The World Bank has estimated that the energy demand in India will grow at 5.3 per cent up to 2010 and at 10 per cent after that. More than 70 per cent of India's oil, that has a share of about 36 per cent in India's energy pie, is now imported.
The new-government must initiate proactive measures lo come to grips with the increasing demand-supply gap in the energy field
Perhaps the least written about and certainly the least analysed portion of the new UPA Government’s common minimum programme (CMP) is the short paragraph on energy security. Since it is crucial to India’s future economic development, it bears repeating: “The UPA Government will immediately put in place policies to enhance the country’s energy security, particularly in the area of oil. Overseas investment in the hydrocarbon industry will be actively encouraged. An integrated energy policy linked with sustainable development will be put in place.”
The present energy scenario in the country is abysmal. The average power shortage is 10 per cent and the peak power shortage is 15 per cent of the requirement. A high growth rate is accompanied by growth in the primary energy requirement of industry as well as in the consumption of electricity by increasingly affluent consumers. India’s growing population, still rising at about 1.5 per cent per annum, will also add to the energy requirement. It can be easily deduced that India cannot grow at the projected rate of 8 per cent of the GDP per annum on a sustained basis unless its energy output rises exponentially. The World Bank has estimated that the energy demand in India will grow at 5.3 per cent up to 2010 and at 10 per cent after that.
Against this backdrop, both the present and the future energy supply scenarios raise doubts about the success of India’s energy security policies. India’s energy generation is heavily dependent on the import of oil and coal. Fossil fuels, that are limited in supply and hazardous to the environment, provide over 90 per cent of India’s present energy output. Indigenous coal, which is mostly inferior grade, accounts for 55 per cent of present energy generation. At over 20 MT, coal imports have are growing at almost 16 per cent every year. More than 70 per cent of India’s oil, that has a share of about 36 per cent in India’s energy pie, is now imported. As the requirement grows, import dependence is expected to grow to almost 90 per cent over the next few decades.
Natural gas will soon emerge as an alternative fuel but here too over 70 per cent of the requirements will have to be met through imports. Alarmingly, most of these imports are on “foreign bottoms” or non Indian owned ships. This should not matter in a rapidly globalising world but during conflict situations dependence of this nature can be a major liability, particularly so when strategic oil reserves are virtually non-existent.
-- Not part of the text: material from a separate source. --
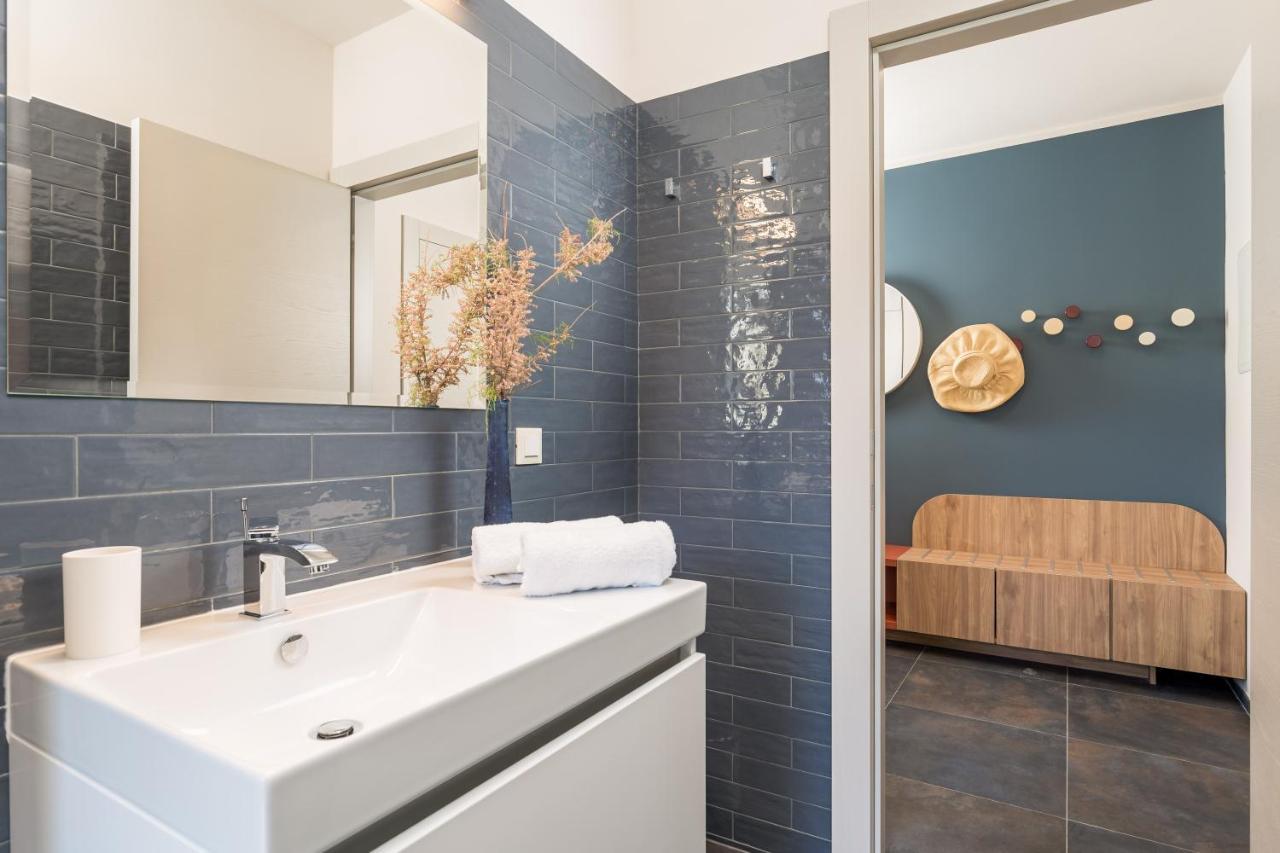 Apartmani Heni Vrbnik Zewnętrze zdjęcie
Given the challenges of the finite reserves of fossil fuels, heavy import-dependence for procuring them and their environmental hazards, the advantages of placing increasing reliance on nuclear energy are obvious. However, India’s experience with nuclear energy has not been a very happy one. Against the Department of Atomic Energy’s (DAE) projected target of 10,000 MW of nuclear power by the end of the year 2000, the actual installed capacity was limited to only 2,000 MW. It has not yet become possible for India to exploit its vast thorium reserves because the research and development (R&D) efforts put in towards nuclear power generation through fast breeder reactors and thorium-fuelled reactors have not yet borne fruit. The target of 20,000 MW now being projected to be achieved by the year 2020 shall also remain a pipe dream unless the ongoing R&D on Accelerator Driven Systems scores early gains.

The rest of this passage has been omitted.